Inside, the fleeing demonstrators found more than warmth and safety. They had arrived in a bastion of the Ukrainian Orthodox Church of the Kyivan Patriarchate, where they were welcomed not only on a humanitarian basis but because the church, driven by its own historical tensions with Moscow, is actively supporting their uprising. It strongly favors European integration to enable Ukraine to break free from Russia’s grip, and has joined the calls to oust the Ukrainian government.

From the conversion of Princess Olga, the regent of Kievan Rus, in the 10th century to the Russian Revolution in 1917, the Orthodox Church has generally flourished by acting in close concert with political powers. Its efforts to confront the authorities tend to go badly, as when Philip II, the metropolitan of Moscow, protested political massacres in 1568 by refusing to bless Ivan the Terrible. He was jailed, chained around the neck and finally strangled to death.

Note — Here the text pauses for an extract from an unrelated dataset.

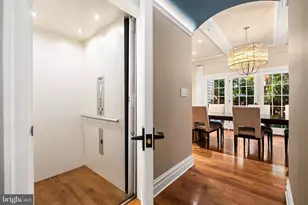 7301 Bannockburn Ridge Ct, Bethesda, MD 20817 - Photo 18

In recent days, the Kyivan Patriarchate, which controls St. Michael’s, has emerged as a powerful ally of the thousands of protesters demanding the resignation of President Viktor F. Yanukovich and the revival of the far-reaching political and trade accords with the European Union that he has refused to sign. Some priests have even led prayer sessions in Independence Square, which has been occupied by protesters.

“Our church is together with the people,” the Kyivan Patriarchate’s 84-year-old leader, Filaret, said in an interview. “It supports Ukraine entering the European Union. We pray to God that he will help us enter the European Union in order to keep our statehood, to keep peace and to improve the life of the people.”
Patriarch Filaret’s oppositional posture provides a striking contrast with Patriarch Kirill I of the Russian Orthodox Church in Moscow, who has emerged as a close and increasingly important political ally of President Vladimir V. Putin.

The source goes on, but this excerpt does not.